During the (long!) time I’ve been paying attention to politics, I’ve seen the filibuster go from a badge of shame, used only by Southern segregationists to block civil rights laws, to a tool that was used, but rarely, on issues where a particular senator wanted to call attention to a matter of principle, to the current situation — where the press routinely reports, falsely, that it takes 60 votes to pass a bill in the Senate. (It does not – it takes 60 votes to close debate, but there are many bills where debate is closed by unanimous consent, even though some senators will then vote against the bill).

The change began in 1993, when Republican senators, led by Robert Dole (R-KS), declared that President Clinton’s mandate was illegitimate, since he had not received a majority of the popular vote, and set out to block all of Clinton’s initiatives through the filibuster. This tactic succeeded in making Clinton look ineffective, and helped produce the Republican victory of 1994, when they won a majority of the House for the first time in almost 50 years.

In 2009, the Republicans decided that the same strategy would work again, so they strove to block all President Obama’s initiatives, with considerable success. It is understandable that the Republicans would do this; the more interesting questions is what the Democrats will do about it.

The Democrats were able to pass the national health care bill through the budget reconciliation procedure, but this was possible only because they had previously (before the Massachusetts special election) overcome a filibuster to pass the original bill. But they now find almost all their legislation blocked in the Senate.
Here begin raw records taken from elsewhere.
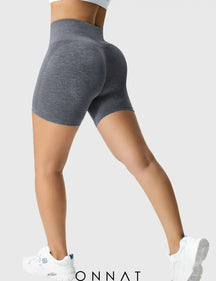 Onnat Light Color Amplify Seamless Shorts Grey / Xs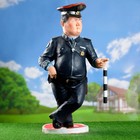 Садовая фигура из полистоуна «Гаишник на знаке», 85×46 см - Фото 1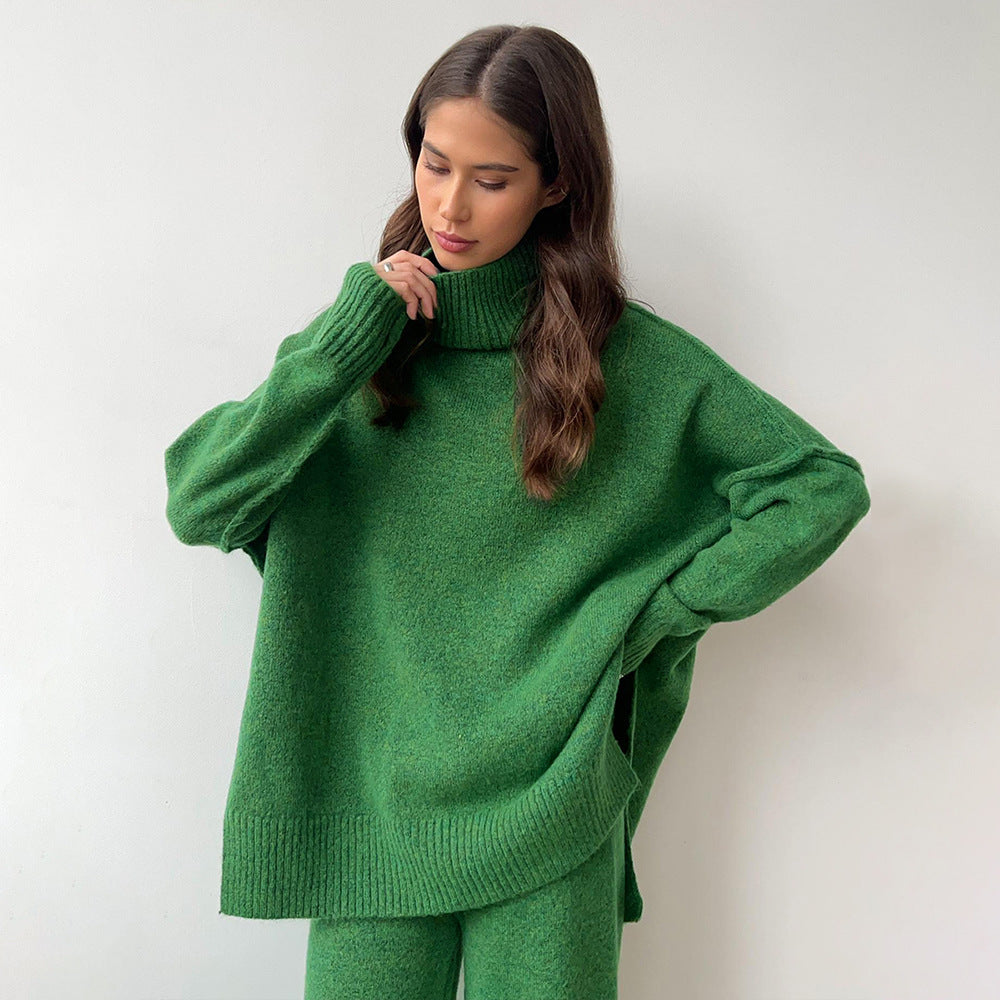 Women's Turtleneck Loose Casual Lazy Thickened Knitting Suits
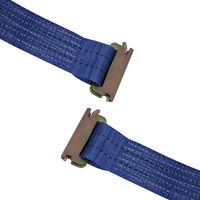 フリーク FREAK ラッシングベルト青 レール1ton 幅50mm×長さ0.5+2m 1セット(10本) 75354（直送品）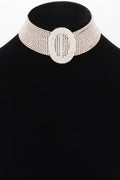 Collier ras de cou en strass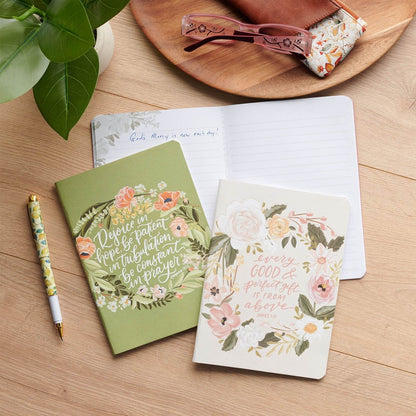 Christian Floral Notebook Set (2 - Pack) | Notebooks | 4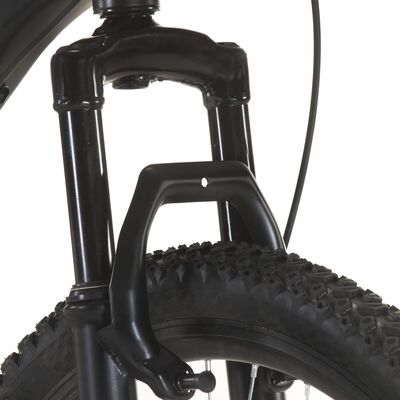 vidaXL Планински велосипед, 21 скорости, 27,5 цола, 42 см, черен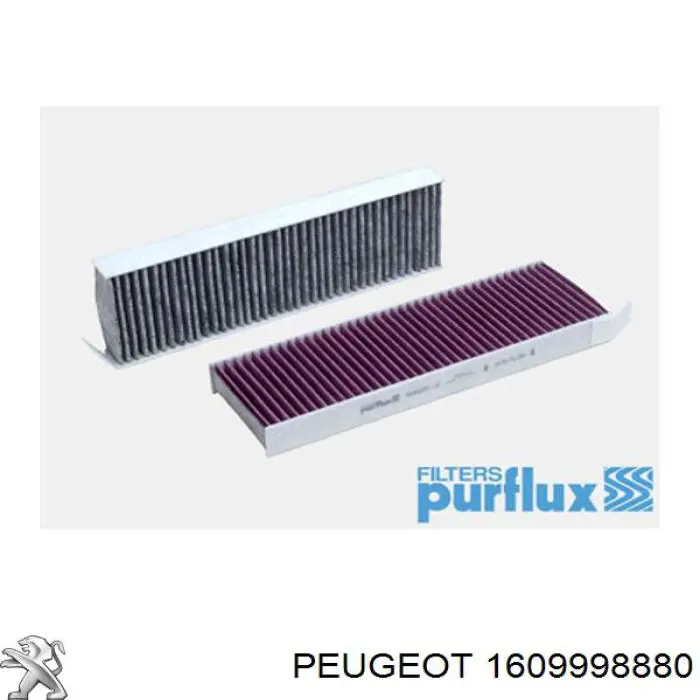 Filtro de cabina Peugeot/Citroen 1609998880 precio, desde 12,22 EUR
This need not be! There are several ways a determined majority can overcome a filibuster, even without 60 votes. The easiest would be to simply change the rules of the Senate, so that debate can be ended by majority vote. Traditionally, changes in the rules were themselves subject to the filibuster — but it is not clear that this is so when a new Congress reconvenes. The issue is whether the rule allowing the filibuster is already in effect before the rules are adopted. Some argue that they are, because the Senate is a “continuing body” – with two-thirds of its membership continuing from the previous Congress. Others have maintained that the Senate is in the same situation as the House – the rules must be adopted with each new Congress. Provided the Democrats still have a majority, and are willing to stick together, Vice President Biden could simply rule that the Senate is not a continuing body. The Republicans could then appeal the parliamentary ruling, but that ruling could be upheld by majority vote.

More drastically, Biden might accept the strong case that can be made that the filibuster is unconstitutional (since, among other things, it violates the one-person, one-vote principle). In that case, he would not have to wait until January, but could act right now, when the Senate comes back into session.

Failing a rules change, the Democrats could also make political gains by forcing the Republicans to really filibuster. These days we have a sort of virtual filibuster — the minority says “we are filibustering,” and the majority says, “Oh, all right then,” and drops the issue. That way, the public sees that Congress is not doing anything, but they don’t really see why. Imagine how it would different if Republican senators were standing up and reading phone books in order to block a minimum wage bill.

So it can be done! And it should be — there’s nothing democratic about minority rule. The real issue is why the Democrats don’t do it. I fear that the answer is that they (or too many of them) are corrupted by the benefits they can get from it themselves, the opportunity to serve a district interest (or a major contributor) by putting a hold on a bill until their concerns are met.  As long as this is the norm, we will continue to see an ineffective Congress. This will only change if public awareness of the filibuster rises to the level it had in the 1960s.